::: Extracted entries

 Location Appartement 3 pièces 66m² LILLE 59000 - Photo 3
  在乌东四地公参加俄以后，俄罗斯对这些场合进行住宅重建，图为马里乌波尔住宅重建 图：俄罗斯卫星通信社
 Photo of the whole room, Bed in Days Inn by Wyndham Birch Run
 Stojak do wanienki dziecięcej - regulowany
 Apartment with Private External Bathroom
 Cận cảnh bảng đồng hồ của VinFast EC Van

::::::
::: Extracted entries

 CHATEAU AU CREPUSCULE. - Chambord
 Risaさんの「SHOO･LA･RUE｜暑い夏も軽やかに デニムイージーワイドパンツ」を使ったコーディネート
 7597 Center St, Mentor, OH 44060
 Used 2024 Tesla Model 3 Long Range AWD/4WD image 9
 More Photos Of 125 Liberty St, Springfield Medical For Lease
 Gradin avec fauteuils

::::::

Exercise objective: Retype the portion of the data above that starts on the line with "Photo of the" and finishes on the line with "Cận cảnh bảng đồng hồ của VinFast EC Van", including both of those lines.

Task solution:
 Photo of the whole room, Bed in Days Inn by Wyndham Birch Run
 Stojak do wanienki dziecięcej - regulowany
 Apartment with Private External Bathroom
 Cận cảnh bảng đồng hồ của VinFast EC Van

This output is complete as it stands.